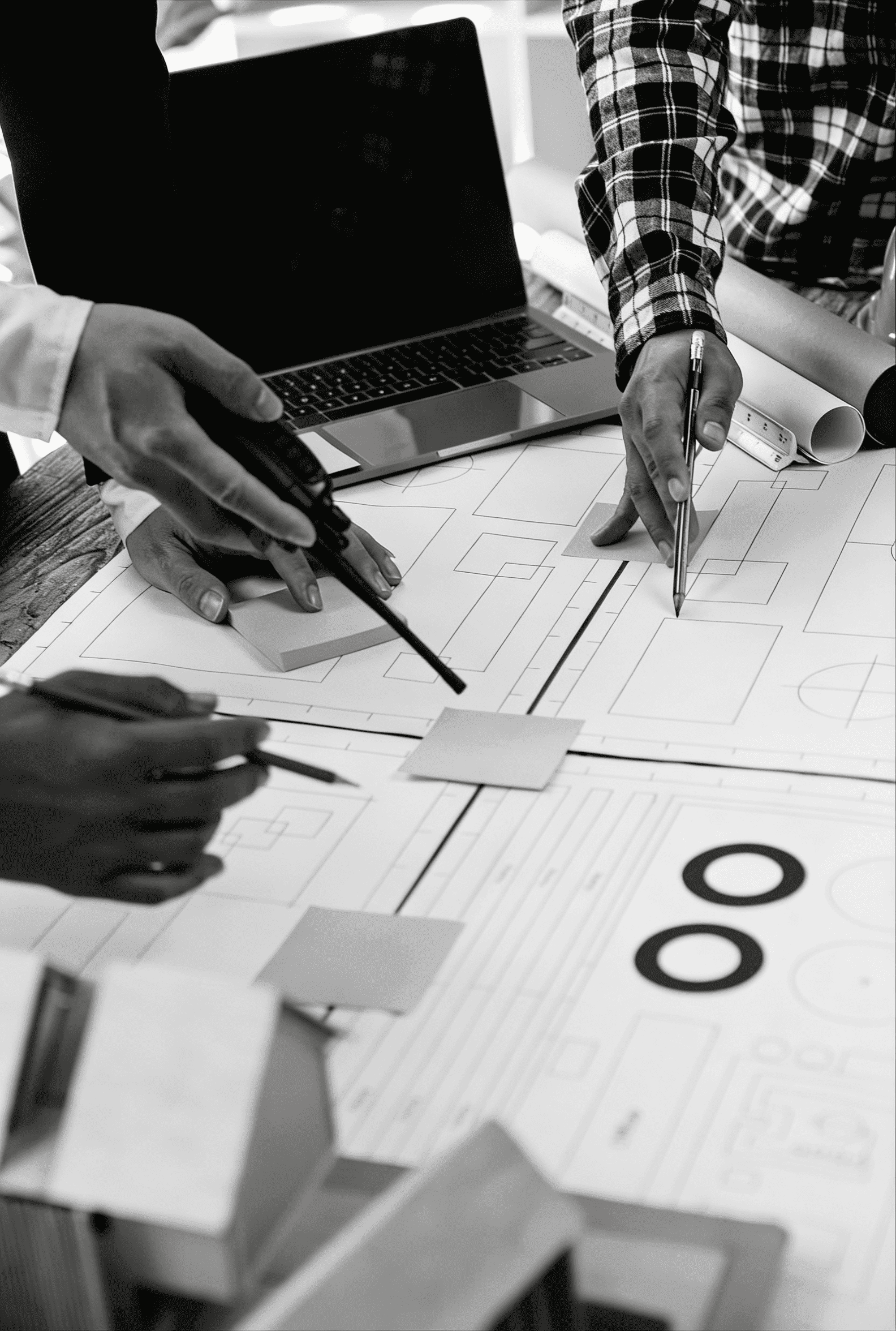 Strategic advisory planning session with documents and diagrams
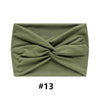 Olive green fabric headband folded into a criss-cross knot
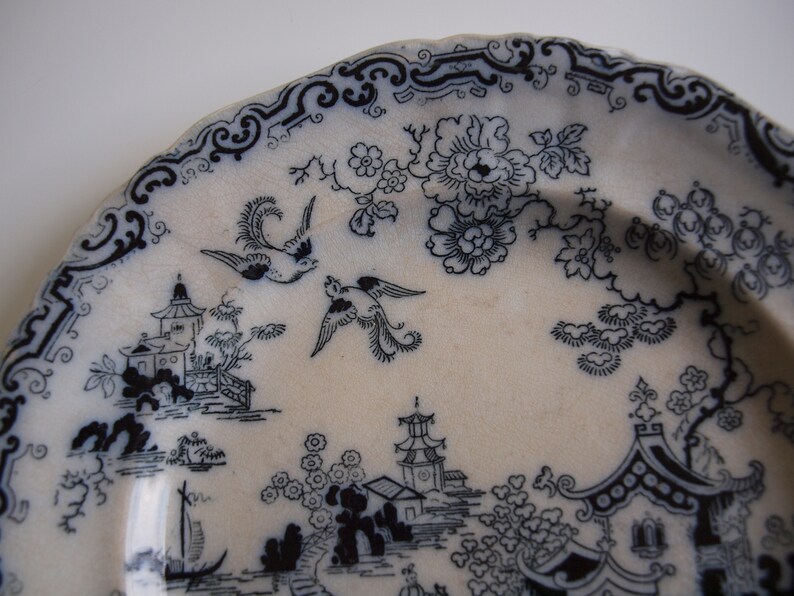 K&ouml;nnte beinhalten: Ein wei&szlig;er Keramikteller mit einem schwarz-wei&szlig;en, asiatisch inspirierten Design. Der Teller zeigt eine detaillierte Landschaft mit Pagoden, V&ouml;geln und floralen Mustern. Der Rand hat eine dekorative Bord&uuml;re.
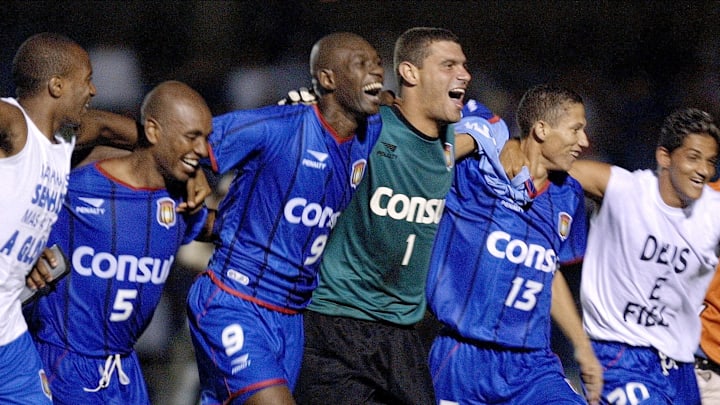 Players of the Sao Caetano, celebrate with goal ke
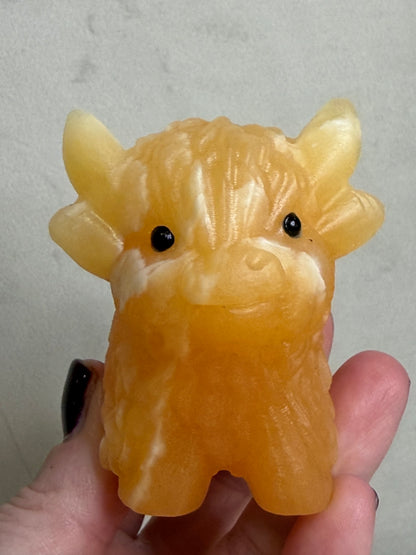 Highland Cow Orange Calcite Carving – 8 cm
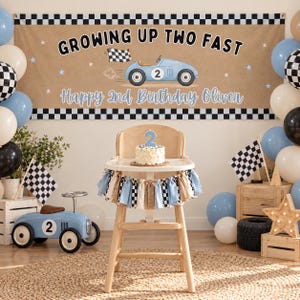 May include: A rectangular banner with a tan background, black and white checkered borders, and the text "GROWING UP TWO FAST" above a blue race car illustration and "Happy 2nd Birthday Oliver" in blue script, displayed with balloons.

++++++

- What is being asked -
Only an exact copy is wanted: the lines from the opening of the material through the line that has "Highland Cow Orange Calcite Carving – 8 cm", minus any pictures.

- Output of the exercise -
 Strategic advisory planning session with documents and diagrams
 Olive green fabric headband folded into a criss-cross knot
 K&ouml;nnte beinhalten: Ein wei&szlig;er Keramikteller mit einem schwarz-wei&szlig;en, asiatisch inspirierten Design. Der Teller zeigt eine detaillierte Landschaft mit Pagoden, V&ouml;geln und floralen Mustern. Der Rand hat eine dekorative Bord&uuml;re.
 Players of the Sao Caetano, celebrate with goal ke
 Highland Cow Orange Calcite Carving – 8 cm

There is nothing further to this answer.